_Work task_. First find the line with "湖南中職學(xué)校什么專" in the entries below, then set down exactly every line through the line with "이시영이 이혼한 뒤 전남편의", that line included.

_Records shown_.
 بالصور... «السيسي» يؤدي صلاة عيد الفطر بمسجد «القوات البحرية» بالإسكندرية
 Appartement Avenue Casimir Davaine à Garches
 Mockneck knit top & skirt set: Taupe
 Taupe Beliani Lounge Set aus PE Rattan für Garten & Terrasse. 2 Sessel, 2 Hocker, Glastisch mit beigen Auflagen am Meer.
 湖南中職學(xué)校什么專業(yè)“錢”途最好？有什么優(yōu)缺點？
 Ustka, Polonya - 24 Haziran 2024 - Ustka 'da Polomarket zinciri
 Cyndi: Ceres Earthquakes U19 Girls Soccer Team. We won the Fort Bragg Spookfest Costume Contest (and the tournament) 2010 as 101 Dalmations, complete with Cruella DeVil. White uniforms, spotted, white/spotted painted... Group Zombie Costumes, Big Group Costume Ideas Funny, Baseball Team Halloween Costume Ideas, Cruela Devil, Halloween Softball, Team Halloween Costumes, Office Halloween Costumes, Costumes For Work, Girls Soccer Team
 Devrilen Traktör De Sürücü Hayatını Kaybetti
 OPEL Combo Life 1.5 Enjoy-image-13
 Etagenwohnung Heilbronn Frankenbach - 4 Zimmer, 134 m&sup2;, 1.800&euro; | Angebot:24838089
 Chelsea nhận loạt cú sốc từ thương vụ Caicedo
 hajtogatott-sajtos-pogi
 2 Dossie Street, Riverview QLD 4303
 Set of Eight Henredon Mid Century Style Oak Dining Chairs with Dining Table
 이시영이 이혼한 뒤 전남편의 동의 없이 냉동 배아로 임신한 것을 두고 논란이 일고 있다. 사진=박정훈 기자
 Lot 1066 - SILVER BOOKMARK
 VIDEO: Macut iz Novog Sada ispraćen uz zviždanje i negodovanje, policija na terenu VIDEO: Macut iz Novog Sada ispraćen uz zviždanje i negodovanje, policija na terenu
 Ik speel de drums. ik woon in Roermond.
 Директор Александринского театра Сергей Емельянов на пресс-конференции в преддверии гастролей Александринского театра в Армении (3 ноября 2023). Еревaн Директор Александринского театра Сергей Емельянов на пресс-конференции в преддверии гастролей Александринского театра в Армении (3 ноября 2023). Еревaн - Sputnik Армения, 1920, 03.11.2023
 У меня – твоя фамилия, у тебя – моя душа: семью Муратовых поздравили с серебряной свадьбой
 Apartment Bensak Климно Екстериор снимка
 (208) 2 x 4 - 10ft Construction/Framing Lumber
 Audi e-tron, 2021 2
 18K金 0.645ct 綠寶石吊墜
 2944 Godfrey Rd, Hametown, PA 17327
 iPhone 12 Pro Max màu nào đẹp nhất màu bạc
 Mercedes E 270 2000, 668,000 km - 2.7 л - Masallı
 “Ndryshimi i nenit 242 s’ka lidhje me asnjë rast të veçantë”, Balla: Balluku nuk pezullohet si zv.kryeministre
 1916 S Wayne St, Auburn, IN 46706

_Exercise response_.
 湖南中職學(xué)校什么專業(yè)“錢”途最好？有什么優(yōu)缺點？
 Ustka, Polonya - 24 Haziran 2024 - Ustka 'da Polomarket zinciri
 Cyndi: Ceres Earthquakes U19 Girls Soccer Team. We won the Fort Bragg Spookfest Costume Contest (and the tournament) 2010 as 101 Dalmations, complete with Cruella DeVil. White uniforms, spotted, white/spotted painted... Group Zombie Costumes, Big Group Costume Ideas Funny, Baseball Team Halloween Costume Ideas, Cruela Devil, Halloween Softball, Team Halloween Costumes, Office Halloween Costumes, Costumes For Work, Girls Soccer Team
 Devrilen Traktör De Sürücü Hayatını Kaybetti
 OPEL Combo Life 1.5 Enjoy-image-13
 Etagenwohnung Heilbronn Frankenbach - 4 Zimmer, 134 m&sup2;, 1.800&euro; | Angebot:24838089
 Chelsea nhận loạt cú sốc từ thương vụ Caicedo
 hajtogatott-sajtos-pogi
 2 Dossie Street, Riverview QLD 4303
 Set of Eight Henredon Mid Century Style Oak Dining Chairs with Dining Table
 이시영이 이혼한 뒤 전남편의 동의 없이 냉동 배아로 임신한 것을 두고 논란이 일고 있다. 사진=박정훈 기자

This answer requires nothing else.